Types of Deeds in Arizona and Utah Real Estate Transactions
There are three types of deeds commonly used to convey land: (1) warranty deed (or a general or full warranty deed); (2) special warranty deed; and (3) quitclaim deed (or a deed without covenants).
Please note that, while this article accurately describes applicable law on the subject covered at the time of its writing, the law continues to develop with the passage of time. Accordingly, before relying upon this article, care should be taken to verify that the law described herein has not changed.
When transferring the ownership of real estate, it is important to know what deed you are giving or receiving. The person giving the deed is the seller, also known as the grantor, and the person receiving the deed is the buyer
I. Warranty Deed
The most common form of deed with full covenants is the warranty deed. A warranty deed expressly guarantees the grantor has good, clear title and covenants the quality of title, including warranties of seisin, quiet enjoyment, right to convey, freedom from encumbrances, and defense of title against all claims. Thus, a warranty deed is preferred as it promises the grantor has good title to the property and provides warranties for a variety of defects, whether the defects were caused by the grantor or someone else.
II. Special Warranty Deed
A special warranty deed provides for a conveyance and covenant. When a special warranty deed is executed, ownership of the real property named in the deed is conveyed to the grantee, together with all appurtenances, rights and privileges belonging to that property. Moreover, in a special warranty deed the grantor covenants that the property is free from all encumbrances made by that grantor and that he or she will forever warrant and defend the grantee’s title of the property against any lawful claim and demand of the grantor and any person claiming or to claim by, through, or under the grantor.
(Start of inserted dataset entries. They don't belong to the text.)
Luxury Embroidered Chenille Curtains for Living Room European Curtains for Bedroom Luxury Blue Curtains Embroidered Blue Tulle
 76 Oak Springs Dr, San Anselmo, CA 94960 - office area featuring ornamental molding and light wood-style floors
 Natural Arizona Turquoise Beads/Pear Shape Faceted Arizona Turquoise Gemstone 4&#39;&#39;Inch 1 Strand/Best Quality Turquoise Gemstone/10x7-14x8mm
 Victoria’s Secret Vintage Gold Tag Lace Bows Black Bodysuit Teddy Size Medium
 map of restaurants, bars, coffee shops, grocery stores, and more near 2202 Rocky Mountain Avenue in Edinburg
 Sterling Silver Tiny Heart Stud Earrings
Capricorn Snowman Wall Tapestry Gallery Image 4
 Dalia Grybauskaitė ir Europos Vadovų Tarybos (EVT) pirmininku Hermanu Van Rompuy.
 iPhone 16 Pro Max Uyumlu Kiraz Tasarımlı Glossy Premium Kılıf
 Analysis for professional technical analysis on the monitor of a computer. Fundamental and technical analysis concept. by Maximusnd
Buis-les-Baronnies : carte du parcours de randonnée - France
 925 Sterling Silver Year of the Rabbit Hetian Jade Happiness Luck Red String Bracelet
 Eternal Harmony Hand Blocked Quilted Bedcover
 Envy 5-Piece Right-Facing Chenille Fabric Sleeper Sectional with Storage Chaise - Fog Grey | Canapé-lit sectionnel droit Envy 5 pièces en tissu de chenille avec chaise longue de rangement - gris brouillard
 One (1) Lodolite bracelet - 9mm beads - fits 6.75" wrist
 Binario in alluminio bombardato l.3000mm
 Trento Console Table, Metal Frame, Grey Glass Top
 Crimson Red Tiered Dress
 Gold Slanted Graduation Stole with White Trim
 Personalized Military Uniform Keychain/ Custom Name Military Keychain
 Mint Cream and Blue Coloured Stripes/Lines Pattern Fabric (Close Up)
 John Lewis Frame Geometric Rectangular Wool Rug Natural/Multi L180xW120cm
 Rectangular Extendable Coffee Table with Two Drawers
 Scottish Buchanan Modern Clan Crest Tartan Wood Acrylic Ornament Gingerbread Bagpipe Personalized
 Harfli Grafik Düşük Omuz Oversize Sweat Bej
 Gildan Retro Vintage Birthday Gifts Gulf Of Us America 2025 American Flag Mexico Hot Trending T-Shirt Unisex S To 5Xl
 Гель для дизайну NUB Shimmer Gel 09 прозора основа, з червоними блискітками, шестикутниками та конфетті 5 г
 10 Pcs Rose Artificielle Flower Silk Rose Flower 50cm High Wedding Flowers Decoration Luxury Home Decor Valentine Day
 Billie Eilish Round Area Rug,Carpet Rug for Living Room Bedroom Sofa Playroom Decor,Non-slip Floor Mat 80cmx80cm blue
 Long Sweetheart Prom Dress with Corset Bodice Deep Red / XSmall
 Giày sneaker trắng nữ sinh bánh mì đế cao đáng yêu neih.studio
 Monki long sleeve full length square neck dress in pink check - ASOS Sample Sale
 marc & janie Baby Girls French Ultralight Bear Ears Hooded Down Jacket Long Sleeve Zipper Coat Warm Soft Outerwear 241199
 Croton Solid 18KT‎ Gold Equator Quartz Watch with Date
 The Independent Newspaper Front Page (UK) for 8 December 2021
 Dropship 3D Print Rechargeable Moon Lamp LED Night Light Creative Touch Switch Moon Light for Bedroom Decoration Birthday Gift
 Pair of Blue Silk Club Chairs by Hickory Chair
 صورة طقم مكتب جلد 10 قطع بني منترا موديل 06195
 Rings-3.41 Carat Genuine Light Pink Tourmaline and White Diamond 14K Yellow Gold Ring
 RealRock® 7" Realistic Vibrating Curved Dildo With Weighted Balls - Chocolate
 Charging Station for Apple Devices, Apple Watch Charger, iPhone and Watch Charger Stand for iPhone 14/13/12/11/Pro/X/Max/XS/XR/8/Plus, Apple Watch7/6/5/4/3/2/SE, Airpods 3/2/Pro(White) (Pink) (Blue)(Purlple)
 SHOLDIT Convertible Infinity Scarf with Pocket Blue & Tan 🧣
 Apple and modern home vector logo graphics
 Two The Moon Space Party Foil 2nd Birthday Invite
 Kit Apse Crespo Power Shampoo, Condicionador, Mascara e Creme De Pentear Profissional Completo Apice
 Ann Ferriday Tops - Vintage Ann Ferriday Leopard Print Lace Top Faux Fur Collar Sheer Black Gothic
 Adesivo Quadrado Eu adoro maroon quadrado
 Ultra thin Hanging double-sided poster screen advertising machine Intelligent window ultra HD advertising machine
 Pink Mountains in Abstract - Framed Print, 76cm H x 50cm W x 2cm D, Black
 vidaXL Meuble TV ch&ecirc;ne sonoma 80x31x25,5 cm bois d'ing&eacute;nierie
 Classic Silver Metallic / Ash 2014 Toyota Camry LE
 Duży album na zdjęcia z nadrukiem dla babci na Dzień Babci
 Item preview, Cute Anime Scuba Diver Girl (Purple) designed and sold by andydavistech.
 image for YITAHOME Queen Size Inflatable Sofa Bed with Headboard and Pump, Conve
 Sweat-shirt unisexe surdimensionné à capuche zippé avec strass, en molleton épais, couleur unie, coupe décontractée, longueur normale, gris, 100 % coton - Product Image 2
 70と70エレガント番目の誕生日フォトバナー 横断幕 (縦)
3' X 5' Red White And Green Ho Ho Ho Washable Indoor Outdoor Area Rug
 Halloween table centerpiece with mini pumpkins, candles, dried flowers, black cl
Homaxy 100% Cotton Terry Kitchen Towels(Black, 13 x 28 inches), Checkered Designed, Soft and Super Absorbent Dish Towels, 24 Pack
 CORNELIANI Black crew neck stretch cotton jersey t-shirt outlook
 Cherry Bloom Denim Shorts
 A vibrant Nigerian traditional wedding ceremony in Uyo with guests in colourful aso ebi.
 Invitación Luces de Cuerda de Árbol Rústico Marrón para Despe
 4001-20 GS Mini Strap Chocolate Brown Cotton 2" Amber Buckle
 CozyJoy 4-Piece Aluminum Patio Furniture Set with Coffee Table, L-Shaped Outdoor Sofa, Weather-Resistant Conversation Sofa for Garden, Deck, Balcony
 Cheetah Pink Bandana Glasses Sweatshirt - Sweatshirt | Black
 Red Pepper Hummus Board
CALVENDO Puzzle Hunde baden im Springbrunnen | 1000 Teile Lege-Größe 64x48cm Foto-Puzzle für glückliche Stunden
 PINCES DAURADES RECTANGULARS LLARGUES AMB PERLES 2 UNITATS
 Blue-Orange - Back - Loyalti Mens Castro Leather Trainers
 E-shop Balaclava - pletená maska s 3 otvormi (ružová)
Accordingly, in a special warranty deed the grantor’s warranty is limited to defects or encumbrances caused by the grantor’s acts or omissions, or those who hold by, through or under the grantor; it does not warrant against defects that arose from someone else prior to the grantor’s ownership, unlike a warranty deed. In such a case, if the defect if based on events which occurred while the property was in the hands of a prior titleholder, then the grantee will have to look to the covenants, if any, contained in the deed from a prior titleholder, and cannot recover against the immediate grantor.
III. Quitclaim Deed
A quitclaim deed transfers a grantor’s complete interest or claim in certain real property to a grantee, but does not warrant the extent of the grantor’s interest, if any, or that the title is even valid. In other words, a quitclaim deed says “I am giving you whatever interest I have in this property, but I am not making any promises about it as my title might not be good and I might not even own the property, but whatever I have is now yours”, whereas a warranty deeds says “I promise I own the property I am giving to you and the title to it is good”. Thus, a quitclaim deed is risky and less preferable than a warranty deed. Quitclaim deeds, however, are helpful in clearing up title problems, transferring property between divorcing spouses, or in informal transactions between friends or family.